90% dos políticos dão aos outros 10% uma má reputação! Estas foram as palavras de Henry Kissinger, ex-secretário de Estado e conselheiro de Segurança Nacional dos Estados Unidos, que morreu na semana passada aos 100 anos. A frase implica que as ações e comportamentos de uma grande maioria de políticos ofuscam a conduta ética e o bom trabalho realizado por uma pequena minoria, mas não revela que Henry fazia parte dos 90%. Enquanto muitos elogiaram Kissinger por seu caráter estratégico, outros chamaram-no de criminoso de guerra pelo seu apoio às ditaduras militares, especialmente na América Latina. |
Ele foi uma das figuras mais influentes e controversas da política externa da história americana e é creditado pela diplomacia secreta que ajudou o presidente Richard Nixon a abrir a China comunista aos Estados Unidos e ao Ocidente.
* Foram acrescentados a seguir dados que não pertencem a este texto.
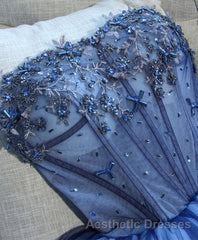 Charming Blue Lace Tule A Lin Short Evening Prom Dresses, Homecoming Dresses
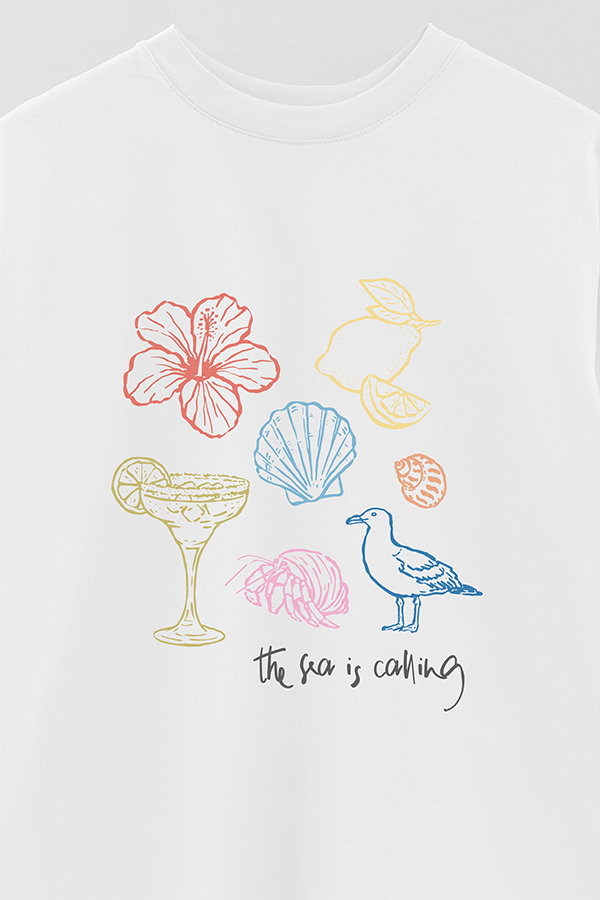 REMERA OVER ESTAMPADA SB THE SEA IS CALLING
O seu legado inclui também um controverso relatório demográfico e de política externa que tem sido estudado há décadas: o "Relatório Kissinger" , um plano concebido para controlar a sobrepopulação mundial, no qual se argumentava que o fim justifica os meios.
Ao escapar da Alemanha nazista em sua juventude, ele ganhou conhecimentos úteis, pois serviu nas administrações de dois presidentes e, mais tarde, aconselhou muitos outros. Ele até recebeu o Prêmio Nobel da Paz por ajudar a acabar com o envolvimento americano na Guerra do Vietnã, mas foi um dos prêmios mais polêmicos de todos os tempos. O processo de "vietnamização" foi longo e sangrento, interrompido por bombardeios massivos do Vietnã do Norte e do Camboja, que levaram à ascensão do regime genocida do Quemer Vermelho .
- "Para mim, a tragédia do Vietnã foram as divisões ocorridas nos Estados Unidos que tornaram, no final, impossível alcançar um resultado compatível com os sacrifícios que tinham sido feitos", disse Henry em 2005.
A diplomacia e a intromissão de Henry em conflitos internacionais não conheciam limites quando se tratava de aproximar os interesses americanos. Em 1970, ele conspirou com a CIA sobre a melhor forma de desestabilizar e derrubar o presidente chileno Salvador Allende, ao mesmo tempo que afirmava num memorando após o sangrento golpe de Estado na Argentina em 1976 que os ditadores militares deveriam ser encorajados.
Henry foi um dos mentores -senão o principal mentor- da chamada Operação Condor, além de ter dado apoio ao regimes das ditaduras militares na América do Sul, tendo o mesmo dito, certa vez ao ministro das relações exteriores argentino da época, que:
- "Se há coisas que precisam ser feitas, vocês devem fazê-las rapidamente", referindo-se à eliminação e à repressão a quem era contra a ditadura, incluindo-se aí, obviamente, métodos como torturas e mortes.
Kissinger era a favor do programa de armas nucleares brasileiro na década de 1970. Ele justificou sua posição argumentando que o Brasil era um aliado dos EUA e alegando que isso beneficiaria atores privados da indústria nuclear nos EUA. Sua posição sobre o Brasil, no entanto, estava fora de sincronia com vozes influentes no Congresso dos EUA, no Departamento de Estado e na Agência de Controle de Armas e Desarmamento.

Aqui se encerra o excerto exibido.